Contrairement aux candidats du NCE et des examens de SC-HSC de Cambridge qui iront au collège le 2 février, ceux du PSAC accuseront un retard considérable dans leur préparation en présentiel. Comment est-ce que les écoles catholiques vont s’y prendre pour rattraper ce retard ?

Nous avons fait un appel, dès le début de l’annonce de la fermeture des écoles, pour que nos enseignants restent en contact le plus possible avec leurs élèves. Certains ont préparé des fiches de travail que les parents sont venus récupérer et les enseignants ont fait le suivi… S’il y a un problème pour le suivi par les moyens de communication à distance (WhatsApp surtout et Zoom…), les parents ou autres membres de la famille font le va-et-vient pour récupérer les devoirs. Nous avons aussi une shared learning platform sur le site du SeDEC et les élèves peuvent y avoir accès librement. Connaissant nos enseignants, ils feront de leur mieux, mais ils ne pourront pas rattraper tout le retard. Cela est impossible.

Mais par-dessus tout, l’évaluation des élèves dans le contexte actuel reste problématique. Votre opinion ?

Certainement. L’évaluation reste problématique. D’ailleurs, on se pose la question : quoi évaluer s’il y a très peu du programme qui a été couvert ? Ce serait des évaluations partielles. C’est pourquoi les modular assessments qui devaient se faire en janvier ont été repoussés à fin avril. Comme les examens ne devraient pas être la finalité, je me demande si on ne va pas vers une promotion automatique.

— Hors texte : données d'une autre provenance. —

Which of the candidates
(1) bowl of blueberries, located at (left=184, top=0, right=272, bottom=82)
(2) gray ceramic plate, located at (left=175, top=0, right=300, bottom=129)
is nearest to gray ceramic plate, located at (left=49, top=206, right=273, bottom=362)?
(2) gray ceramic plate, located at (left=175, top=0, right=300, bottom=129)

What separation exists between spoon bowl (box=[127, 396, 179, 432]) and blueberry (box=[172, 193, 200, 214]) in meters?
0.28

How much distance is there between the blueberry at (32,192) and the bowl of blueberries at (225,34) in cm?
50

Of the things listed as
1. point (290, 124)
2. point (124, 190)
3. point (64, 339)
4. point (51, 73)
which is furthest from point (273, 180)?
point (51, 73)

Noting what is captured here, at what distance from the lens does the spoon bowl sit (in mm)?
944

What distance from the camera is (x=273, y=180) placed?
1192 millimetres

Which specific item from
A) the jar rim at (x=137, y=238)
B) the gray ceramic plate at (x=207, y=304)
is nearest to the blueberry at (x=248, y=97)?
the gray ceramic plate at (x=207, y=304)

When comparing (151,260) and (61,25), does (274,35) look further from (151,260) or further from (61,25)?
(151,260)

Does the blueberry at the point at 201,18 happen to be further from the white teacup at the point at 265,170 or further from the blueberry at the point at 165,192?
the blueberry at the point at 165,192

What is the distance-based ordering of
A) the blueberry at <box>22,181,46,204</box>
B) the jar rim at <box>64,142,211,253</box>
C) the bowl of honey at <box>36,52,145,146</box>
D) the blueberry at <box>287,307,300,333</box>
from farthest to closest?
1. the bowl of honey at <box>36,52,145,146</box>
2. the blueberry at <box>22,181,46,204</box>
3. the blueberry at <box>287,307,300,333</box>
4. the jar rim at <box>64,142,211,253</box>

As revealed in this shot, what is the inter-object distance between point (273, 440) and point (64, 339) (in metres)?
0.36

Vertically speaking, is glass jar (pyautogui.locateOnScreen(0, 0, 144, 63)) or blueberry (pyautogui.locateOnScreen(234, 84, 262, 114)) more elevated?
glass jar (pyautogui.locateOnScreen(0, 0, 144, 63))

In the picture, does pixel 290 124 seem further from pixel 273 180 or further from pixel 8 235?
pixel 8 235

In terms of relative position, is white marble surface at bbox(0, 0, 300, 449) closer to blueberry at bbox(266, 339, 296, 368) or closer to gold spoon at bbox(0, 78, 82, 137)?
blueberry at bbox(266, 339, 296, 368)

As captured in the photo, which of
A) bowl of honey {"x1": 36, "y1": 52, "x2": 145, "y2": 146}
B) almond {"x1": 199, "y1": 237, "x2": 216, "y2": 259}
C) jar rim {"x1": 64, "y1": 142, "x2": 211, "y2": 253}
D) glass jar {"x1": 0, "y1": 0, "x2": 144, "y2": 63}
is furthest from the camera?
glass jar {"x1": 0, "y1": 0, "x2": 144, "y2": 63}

Autrement, ce serait une extension de quelques mois et carrément repousser le calendrier scolaire.

Avez-vous une idée de l’état psychologique des élèves, aussi bien que celui du personnel enseignant dans votre secteur ?

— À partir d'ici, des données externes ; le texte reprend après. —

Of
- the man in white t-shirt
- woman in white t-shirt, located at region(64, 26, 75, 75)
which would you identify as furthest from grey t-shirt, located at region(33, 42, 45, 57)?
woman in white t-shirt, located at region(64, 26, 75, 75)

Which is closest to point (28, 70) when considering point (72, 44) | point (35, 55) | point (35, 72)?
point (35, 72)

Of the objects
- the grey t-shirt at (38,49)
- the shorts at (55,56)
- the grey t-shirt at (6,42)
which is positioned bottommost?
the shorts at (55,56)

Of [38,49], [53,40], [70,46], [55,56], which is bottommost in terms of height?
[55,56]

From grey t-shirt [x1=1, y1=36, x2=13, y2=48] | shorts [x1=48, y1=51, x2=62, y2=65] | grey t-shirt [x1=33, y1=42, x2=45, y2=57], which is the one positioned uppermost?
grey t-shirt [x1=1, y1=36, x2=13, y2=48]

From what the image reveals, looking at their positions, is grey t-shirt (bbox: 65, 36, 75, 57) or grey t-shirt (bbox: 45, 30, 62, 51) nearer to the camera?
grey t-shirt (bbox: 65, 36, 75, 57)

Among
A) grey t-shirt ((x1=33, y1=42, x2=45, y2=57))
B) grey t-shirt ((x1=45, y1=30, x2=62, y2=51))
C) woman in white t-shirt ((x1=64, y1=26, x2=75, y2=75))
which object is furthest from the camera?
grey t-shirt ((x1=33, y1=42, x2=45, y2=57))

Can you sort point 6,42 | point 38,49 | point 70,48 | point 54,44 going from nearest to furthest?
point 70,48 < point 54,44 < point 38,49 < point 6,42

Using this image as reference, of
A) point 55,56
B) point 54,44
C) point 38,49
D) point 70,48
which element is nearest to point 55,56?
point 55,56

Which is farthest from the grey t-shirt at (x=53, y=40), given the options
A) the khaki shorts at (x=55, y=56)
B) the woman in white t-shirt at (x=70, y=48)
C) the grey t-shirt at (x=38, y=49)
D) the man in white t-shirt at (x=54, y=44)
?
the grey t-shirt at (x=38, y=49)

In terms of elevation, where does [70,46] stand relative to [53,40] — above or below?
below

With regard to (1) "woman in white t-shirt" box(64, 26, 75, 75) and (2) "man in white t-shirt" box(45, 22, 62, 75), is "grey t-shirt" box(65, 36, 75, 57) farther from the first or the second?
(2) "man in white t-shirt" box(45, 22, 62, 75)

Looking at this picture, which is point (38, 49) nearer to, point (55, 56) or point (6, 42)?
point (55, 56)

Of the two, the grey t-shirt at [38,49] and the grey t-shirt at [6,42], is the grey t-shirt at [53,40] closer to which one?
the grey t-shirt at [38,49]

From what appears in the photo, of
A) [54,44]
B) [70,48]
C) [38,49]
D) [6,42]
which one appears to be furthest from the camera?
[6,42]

Je le disais plus haut. Nous entendons de plus en plus des cas de jeunes en dépression ou qui sont plus agressifs. Imaginez un enfant livré à lui-même à la maison. Qui s’assure de ce qu’il fait toute la journée ? Selon nos informations, dépendant des collèges, il y a seulement 20% des élèves qui répondent présents aux cours en ligne. Dans d’autres collèges, c’est 90% ou 100%.

Ou encore, zero response. Il y a un système d’éducation à plusieurs vitesses en ce moment et énormément de frustrations. Dans certains quartiers, c’est du vagabondage. Dans d’autres situations, vous allez voir ces jeunes se promener dans les grandes surfaces ou aller prendre des leçons particulières. Quant au personnel enseignant, surtout ceux qui doivent donner des cours en ligne, en majorité, ils disent qu’ils auraient préféré revenir travailler en présentiel. Il y a énormément de stress sur ceux qui sont engagés dans l’enseignement à distance, dans le cadre de leur maison, avec probablement les enfants ou d’autres membres de la famille autour. En fait, il faut se dire qu’il y a aussi une perte d’identité, car un enseignant sans élèves et qui ne fait rien n’est plus un enseignant. Quand on visite les écoles en ce moment, c’est vraiment bien triste, car c’est presque une coquille vide avec un noyau du personnel qui tient vaillamment le fort.